#### [WHAT IS BEING ASKED]
How many of the lines below include "Edition"? Give the number and no other words.

(Beginning of PROVIDED RECORDS)

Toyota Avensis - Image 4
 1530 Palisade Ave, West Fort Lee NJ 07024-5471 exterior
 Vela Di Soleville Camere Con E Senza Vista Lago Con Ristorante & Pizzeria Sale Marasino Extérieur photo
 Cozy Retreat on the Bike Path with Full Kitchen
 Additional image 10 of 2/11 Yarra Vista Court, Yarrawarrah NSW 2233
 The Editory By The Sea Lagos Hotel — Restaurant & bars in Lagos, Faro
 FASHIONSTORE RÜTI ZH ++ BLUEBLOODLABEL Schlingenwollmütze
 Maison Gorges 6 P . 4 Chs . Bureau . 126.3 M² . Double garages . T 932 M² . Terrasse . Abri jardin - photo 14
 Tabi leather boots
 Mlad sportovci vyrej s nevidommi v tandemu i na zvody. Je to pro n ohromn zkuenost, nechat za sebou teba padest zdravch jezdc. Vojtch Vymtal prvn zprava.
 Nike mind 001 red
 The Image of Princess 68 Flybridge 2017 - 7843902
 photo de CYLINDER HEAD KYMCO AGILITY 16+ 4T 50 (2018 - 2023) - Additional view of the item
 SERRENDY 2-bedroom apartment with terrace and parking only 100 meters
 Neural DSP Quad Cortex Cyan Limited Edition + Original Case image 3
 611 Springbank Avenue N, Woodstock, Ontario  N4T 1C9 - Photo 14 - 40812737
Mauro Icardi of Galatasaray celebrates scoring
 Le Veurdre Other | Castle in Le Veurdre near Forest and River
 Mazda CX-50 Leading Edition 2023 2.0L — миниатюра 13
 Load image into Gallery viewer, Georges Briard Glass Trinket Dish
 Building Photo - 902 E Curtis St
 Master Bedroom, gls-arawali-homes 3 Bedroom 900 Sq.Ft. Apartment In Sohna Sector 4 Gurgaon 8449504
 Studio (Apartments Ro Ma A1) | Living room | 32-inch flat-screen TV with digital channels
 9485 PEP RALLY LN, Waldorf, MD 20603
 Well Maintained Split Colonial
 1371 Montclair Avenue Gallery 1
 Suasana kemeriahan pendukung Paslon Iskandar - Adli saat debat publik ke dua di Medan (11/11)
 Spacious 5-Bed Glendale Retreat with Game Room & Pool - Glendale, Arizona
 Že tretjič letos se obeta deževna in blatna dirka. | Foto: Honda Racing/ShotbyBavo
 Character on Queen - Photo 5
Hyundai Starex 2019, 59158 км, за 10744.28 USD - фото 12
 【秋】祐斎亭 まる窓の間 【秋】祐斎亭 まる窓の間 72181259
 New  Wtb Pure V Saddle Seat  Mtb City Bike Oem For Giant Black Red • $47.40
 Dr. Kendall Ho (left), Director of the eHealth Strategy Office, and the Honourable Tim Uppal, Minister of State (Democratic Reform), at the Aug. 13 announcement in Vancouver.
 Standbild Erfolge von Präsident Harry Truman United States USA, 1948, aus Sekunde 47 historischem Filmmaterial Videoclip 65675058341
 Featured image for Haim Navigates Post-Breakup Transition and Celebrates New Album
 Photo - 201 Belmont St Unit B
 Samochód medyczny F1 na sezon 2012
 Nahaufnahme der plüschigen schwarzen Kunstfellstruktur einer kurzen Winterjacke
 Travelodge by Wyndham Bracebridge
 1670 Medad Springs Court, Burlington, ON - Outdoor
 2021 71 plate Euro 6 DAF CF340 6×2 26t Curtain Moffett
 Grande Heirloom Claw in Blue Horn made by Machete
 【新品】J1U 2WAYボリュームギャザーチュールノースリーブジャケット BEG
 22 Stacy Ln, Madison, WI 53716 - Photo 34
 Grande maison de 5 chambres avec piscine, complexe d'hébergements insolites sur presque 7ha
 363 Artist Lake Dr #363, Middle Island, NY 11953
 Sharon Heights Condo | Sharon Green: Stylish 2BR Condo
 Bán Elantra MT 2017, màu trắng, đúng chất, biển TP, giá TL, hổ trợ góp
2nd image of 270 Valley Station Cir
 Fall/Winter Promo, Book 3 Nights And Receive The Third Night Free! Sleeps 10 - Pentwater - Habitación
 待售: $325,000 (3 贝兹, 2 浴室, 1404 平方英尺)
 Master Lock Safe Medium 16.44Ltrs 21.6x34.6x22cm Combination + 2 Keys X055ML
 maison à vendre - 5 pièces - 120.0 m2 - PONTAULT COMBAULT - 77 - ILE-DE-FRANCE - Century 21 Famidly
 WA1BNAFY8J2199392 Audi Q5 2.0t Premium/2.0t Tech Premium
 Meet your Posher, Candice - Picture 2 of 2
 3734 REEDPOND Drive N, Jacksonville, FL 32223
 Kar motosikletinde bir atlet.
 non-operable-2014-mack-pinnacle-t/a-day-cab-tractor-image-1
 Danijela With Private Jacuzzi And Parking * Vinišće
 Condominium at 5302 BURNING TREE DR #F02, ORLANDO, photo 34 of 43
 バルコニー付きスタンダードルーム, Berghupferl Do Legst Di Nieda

(End of PROVIDED RECORDS)

#### [SOLUTION]
2